Пилот замотал головой: мол, да, понимаю. Вы хорошие ребята, я тоже хороший парень, мы все друзья, мир, дружба.
— Слушай, — Крекер по-приятельски приобнял пилота за плечо, — ты мне скажи вот что, старый: пулемет у вас заряжен?
Тот сперва качнул головой «нет», но тут же закивал.
— Ввиду особой опасности группы, — начал он, сбился, закашлялся и пробормотал виновато: — Извините, во рту пересохло.
— А чего молчишь-то? На, попей. — Крекер достал флягу и протянул пилоту. — Да ладно, не тушуйся, старый, пей.
Пилот благодарно схватил флягу и сделал несколько глотков.
— Спасибо.
— Да не за что, старый, не за что, — Крекер был сама доброжелательность.
Папаша Сильвер поглядывал на парочку с тяжелой ухмылкой.

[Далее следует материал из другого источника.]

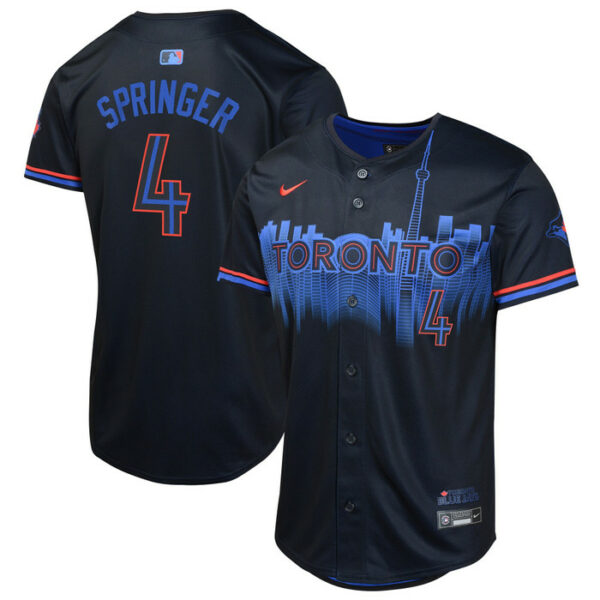 Youth Toronto Blue Jays George Springer Nike Navy 2024 City Connect Limited Player Jersey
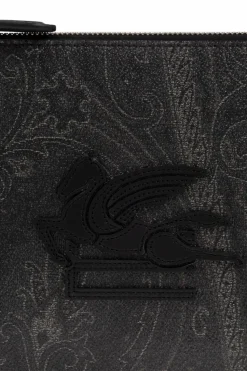 Etro BLACK Shoulder bag with logo-shaped patch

— Значит, пулемет, говоришь, заряжен, — утвердительно повторил Крекер.
— Да, заряжен, — подтвердил пилот. — На случай, если вы БТР захватите или еще… Какой-нибудь транспорт… Такой приказ был…
— Ну и отлично, старый, — блондин похлопал его по плечу. — Приказ так приказ. Работай. — Затем повернулся к Сильверу и, весело подмигнув, сообщил: — Представляешь, эти волки собирались нас из авиационного пулемета расстреливать. С ума сойти!
Папаша Сильвер философски пожал плечами:
— А ты небось думал, что они с тобой встречу на высшем уровне устроят? Сядь, не мельтеши.
Пастух повернул голову и через плечо сказал пилоту:
— Значит, так. Когда скажу, подведешь вертолет туда, ко двору. Опустишься вниз, зависнешь. Понял? И чтобы никаких фокусов.
— Хорошо, — кивнул тот. — Я понял.
Указанный Пастухом двор — выход из станции метро «Кузнецкий мост» — был закрыт с трех сторон. Сквозь арки, ведущие с улицы, не прошел бы ни БТР, ни тем более танк. Значит, во дворе могли быть только солдаты.
Но с живой силой, рассчитывал Пастух, они справятся.
* * *
Лестница, выводящая из перехода на станцию, почти не была освещена. Боевики остановились. Леденец огляделся.